Sizing by crew and usage

There is no single correct watermaker; there is the one that meets your daily demand within your power and space constraints. Rather than chase a headline output figure, work through your own numbers qualitatively.

  • Crew and trip length. More people and longer passages mean higher demand. Be honest about washing, cooking and the occasional deck rinse, not just drinking water.
  • How you will run it. A small unit run for several hours daily suits a vessel with steady power. A higher-output unit run briefly suits one that wants to make a day’s water in a single window — for example while the engine or generator is already running.
  • Power source. Match the high-pressure pump’s draw to what your batteries, solar and charging can comfortably sustain. This is where energy recovery earns its place.
  • Space and mounting. Modular systems let you separate the pump, membrane and controls to fit awkward lockers. Compact all-in-one units are simpler but need a single home.
  • Water quality and pre-filtration. Murky harbours, river mouths and silty overland sources demand more pre-filtration and more diligent maintenance.

A quick comparison

ConsiderationSmaller, run-longerLarger, run-shorter
Daily run timeSeveral hoursA short window
Instantaneous power drawLowerHigher
Best paired withSteady solar or battery bankEngine or generator already running
Tank turnoverGradualBulk, less often

Living with a watermaker

Three habits decide how long a membrane lasts. Pre-filter discipline — change cartridges before they choke the pump. Regular use or proper preservation — run the system often, fresh-water flush after each session, and chemically pickle it for long lay-ups. Clean feed water — avoid making water in marinas, anchorages with poor flushing, or anywhere with fuel sheen or heavy sediment.

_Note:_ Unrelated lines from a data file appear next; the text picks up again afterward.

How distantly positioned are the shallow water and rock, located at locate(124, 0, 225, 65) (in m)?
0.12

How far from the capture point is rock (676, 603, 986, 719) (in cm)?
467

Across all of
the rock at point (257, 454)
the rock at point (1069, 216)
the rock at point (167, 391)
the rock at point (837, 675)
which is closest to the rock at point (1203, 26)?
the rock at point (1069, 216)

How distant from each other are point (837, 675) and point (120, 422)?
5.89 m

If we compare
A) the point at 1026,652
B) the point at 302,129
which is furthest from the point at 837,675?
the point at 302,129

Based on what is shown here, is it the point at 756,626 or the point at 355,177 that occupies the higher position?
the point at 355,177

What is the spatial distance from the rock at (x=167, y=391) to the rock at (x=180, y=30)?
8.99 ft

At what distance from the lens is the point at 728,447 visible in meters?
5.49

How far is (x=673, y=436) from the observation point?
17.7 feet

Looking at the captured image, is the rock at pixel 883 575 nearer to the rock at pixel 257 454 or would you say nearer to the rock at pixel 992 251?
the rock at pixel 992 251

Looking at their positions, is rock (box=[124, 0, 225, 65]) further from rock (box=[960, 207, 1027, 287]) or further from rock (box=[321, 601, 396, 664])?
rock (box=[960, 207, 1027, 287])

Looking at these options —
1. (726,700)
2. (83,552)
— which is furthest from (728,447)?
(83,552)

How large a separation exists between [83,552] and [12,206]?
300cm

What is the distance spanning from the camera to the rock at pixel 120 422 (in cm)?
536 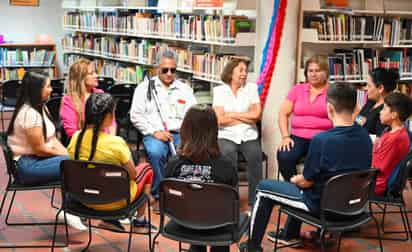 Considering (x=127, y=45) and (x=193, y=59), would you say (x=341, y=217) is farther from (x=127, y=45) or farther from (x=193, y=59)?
(x=127, y=45)

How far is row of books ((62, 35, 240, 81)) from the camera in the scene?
5.84 meters

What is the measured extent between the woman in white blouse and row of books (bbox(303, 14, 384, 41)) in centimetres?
92

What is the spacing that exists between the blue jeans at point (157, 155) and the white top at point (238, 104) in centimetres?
49

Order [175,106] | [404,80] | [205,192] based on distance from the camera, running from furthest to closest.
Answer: [404,80]
[175,106]
[205,192]

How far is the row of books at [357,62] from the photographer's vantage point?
536 cm

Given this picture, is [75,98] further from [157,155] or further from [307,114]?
[307,114]

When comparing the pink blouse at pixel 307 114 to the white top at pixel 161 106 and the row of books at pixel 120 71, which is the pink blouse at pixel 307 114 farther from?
the row of books at pixel 120 71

Test product-water quality periodically. A handheld TDS meter is a cheap way to confirm the membrane is still rejecting salt properly; a rising reading is your early warning that service is due.

The bottom line

A watermaker removes the single biggest logistical limit on time away from shore. Choose by demand and power budget rather than peak output, favour an energy-recovery design such as a Spectra Clark Pump system where battery-only operation matters, and build the rest of the energy and filtration chain to suit. PowerSol can help specify a watermaker alongside the Victron Energy and LFP infrastructure that powers it, so the whole system is sized to work together rather than as parts that happen to share a hull.

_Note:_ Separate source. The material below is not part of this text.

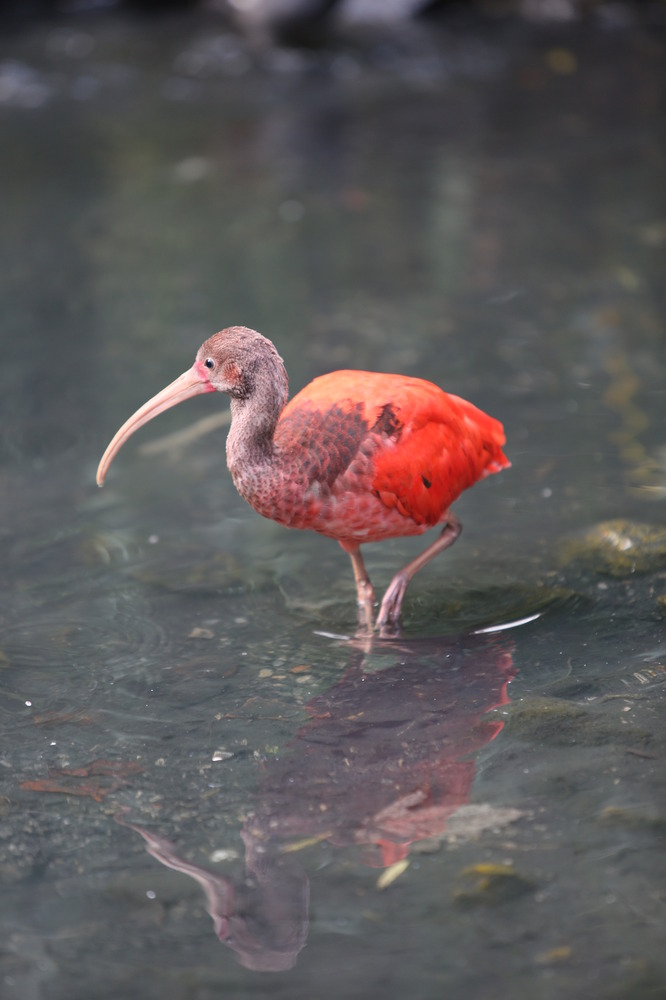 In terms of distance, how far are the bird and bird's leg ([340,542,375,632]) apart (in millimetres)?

Frequently asked questions

How much power does a marine watermaker use?

The high-pressure pump is the main consumer, so draw depends on output and design. Energy-recovery systems such as those using a Clark Pump reclaim pressure from the brine stream and make a given quantity of water for considerably less electrical power than conventional units, which is why they suit battery- and solar-based setups. Match the pump's draw to what your charging and storage can comfortably sustain.

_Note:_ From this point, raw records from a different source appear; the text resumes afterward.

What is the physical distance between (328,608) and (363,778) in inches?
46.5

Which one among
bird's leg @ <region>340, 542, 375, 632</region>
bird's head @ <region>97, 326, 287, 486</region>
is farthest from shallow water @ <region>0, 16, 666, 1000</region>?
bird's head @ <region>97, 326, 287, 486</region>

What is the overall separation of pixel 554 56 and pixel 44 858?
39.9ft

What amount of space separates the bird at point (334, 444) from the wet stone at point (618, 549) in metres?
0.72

What is the Clark Pump in a Spectra watermaker?

The Clark Pump is a pressure-intensifier used in Spectra Watermakers systems. It uses the energy still held in the outgoing brine to help pressurise the incoming feed water, recovering energy that conventional systems dump overboard. The practical benefit is markedly lower power consumption for the same fresh-water output, which makes engine-free, battery-only operation realistic.

How do I size a watermaker for my boat or vehicle?

Size by daily demand and power budget rather than headline output. Estimate realistic daily use for your crew and trip length, decide whether you prefer a smaller unit run for hours or a larger one run briefly while the engine or generator is on, and match the pump's draw to your batteries, solar and charging. Factor in space for mounting and the pre-filtration your typical water quality demands.